This book is about Karen, a young girl living in uptown Chicago in the sixties. The whole book is supposed to be her journal and is drawn on lined paper. A bit like Lynda Barry’s yellow legal pad drawings. But, this is beyond Lynda Barry. This is beyond Art Spiegleman. This is something born out of a fever dream that I can only assume came from the gods. So, Karen is 11(?) 12(?) and an amazing artist. She lives with her single mother and much older brother Deeze. She worships her brother, and he has taught her about art. He’s also a ladies man, and has a big secret that Karen is not supposed to know about. The story centers on a murder that happens in Karen’s apartment building. A beautiful woman named Anka is shot through the heart, and the police rule her death a suicide, even though the gun was found in the other room, and really- who shoots themselves in the heart? Anka is from Germany, and a little bit unhinged, but she looks out for Karen, and Karen is really affected by her death. Karen, a bit like Harriet the Spy (this is way darker though folks, for real: not kid approved!) decides to look into Anka’s death. And from there, the secrets she uncovers is like nothing you’ve ever heard are read about in a Holocaust story. It’s ridiculous (and I mean that in the best possible way). I would like to give a quick disclaimer: I’m very sensitive to child abuse, especially sexual abuse, and often put books down if I feel like that’s the direction a book’s going- this book went there, but it was so compelling, so horrifying, there’s no way you could just look away and let it be.

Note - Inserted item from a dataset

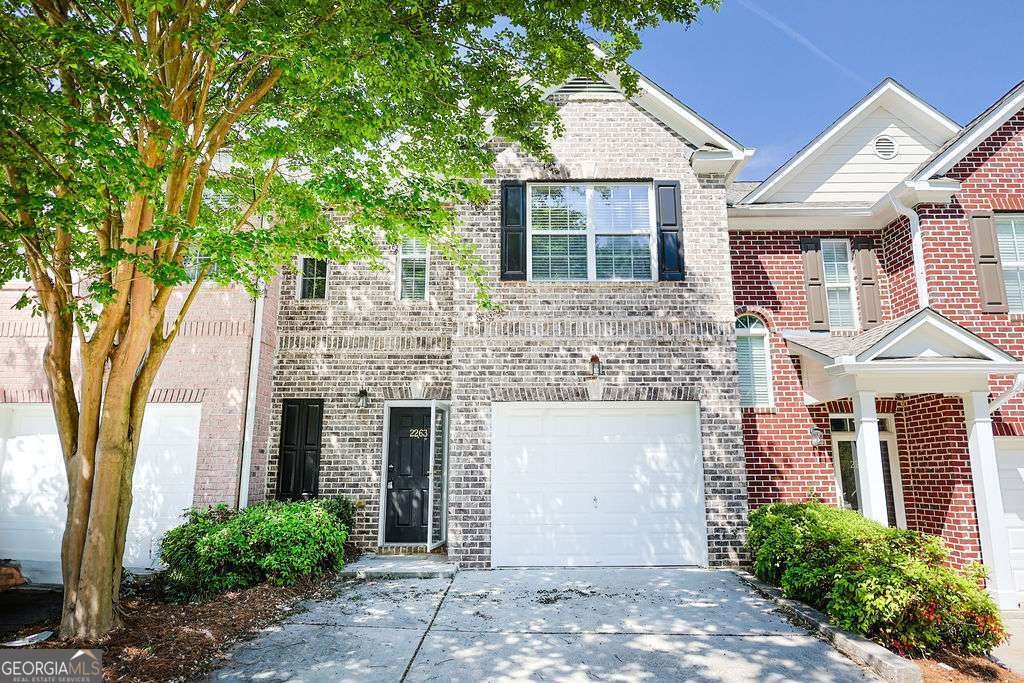 2263 Leicester Way Atlanta - 1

The fever dreams: this book was born from a dream, and the dream sequence at the end was breathtakingly gorgeous. The illustrations in this book were like nothing I’ve ever seen before. Emil Ferris is blessed.
Now, on monsters: I started this review with two quotes, and I did that on purpose, because I thought about them both as I read this gorgeous, beauty of a book. First, Stephen King, the horror master himself, and the monster that exist inside us. Every character in this book possessed a monster. Karen, are darling protagonist, draws herself as a little adorable werewolf. Only once does she draw a true image of her reflection. She feels like a monster, is treated like a monster at school, so she embraces the idea of escaping life into an undead creature. We all have escapes like Karen though, right? Obsessions, or interests that take us away from real life. That’s Karen’s monster obsession, and her drawing; a way to escape the horror around her. Karen’s monster is adorable, but the adults around her, their monsters… not so much. Second, Primo Levi, Auschwitz survivor, and the dismissal of monsters, because the true horror are the people that stand back and allow terrible things to happen. Were monsters not created to reflect the degradation of the world? Count Dracula was a fictional character based on real life Vlad the Impaler. Men were afraid of powerful women so they burned them at the stake as witches.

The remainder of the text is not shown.